The Captain then disclosed to me his message which was the offer of the same place just offered to Otis. I had supposed something of this kind might happen in one of these Offices and had therefore considered the matter and decided that I would refuse it. My reasons I think were strong. In the first place my figure is not fit for it, it was a second offer, my unpopularity, and the excessive trouble besides the expense. These I stated, all but the last, which was in fact the least consideration. They appeared so woebegone though at this result and were so despairing that I was much influenced, every eligible person had declined, and there was not much expectation of continuing the company unless Otis or I accepted. It was an appeal to my generosity as these Officers would lose their satisfaction and their money which is not inconsiderable in amount. I thought also that soon I should like the exercise and that it would promote the good will to me which is much wanting at present, it would set me at least on the par with Otis, who has very much hurt his popularity by this step, and I should no longer feel this galling superiority of a really inferior fellow (without vanity). I have seldom had so much doubt in a step of this kind. We sat till Prayers and after tea I gave my decision in favour of accepting it and so it is. I think, I have acted right.

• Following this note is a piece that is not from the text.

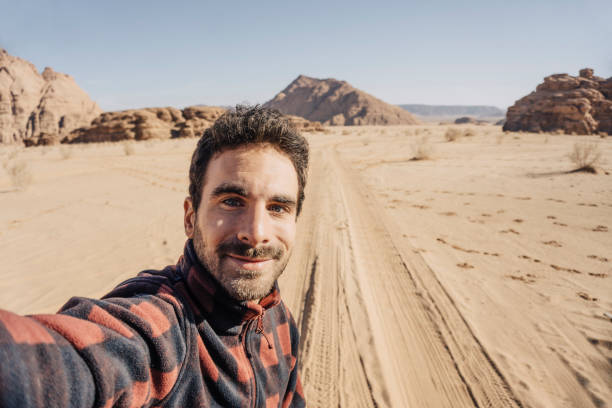 istock Young traveller taking a selfie in Wadi Rum desert 1141197345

In the evening after the Lyceum had dispersed from my room where they had collected to smoke and drink wine, I had just sat down to read Anacharsis comfortably for the rest of the Evening when I was called to a Meeting of the Officers concerning the selection of guides. We came to no decision however. Lothrop, Rundlet and J. Otis fill the places of the other Commandants. After some conversation and a number appointed and declined, we adjourned and I returned to my room where I read my Bible and lesson and retired. X:10.
1. Hilary Breton Cenas, of New Orleans, a junior (Harvard Annual Cat., 1823).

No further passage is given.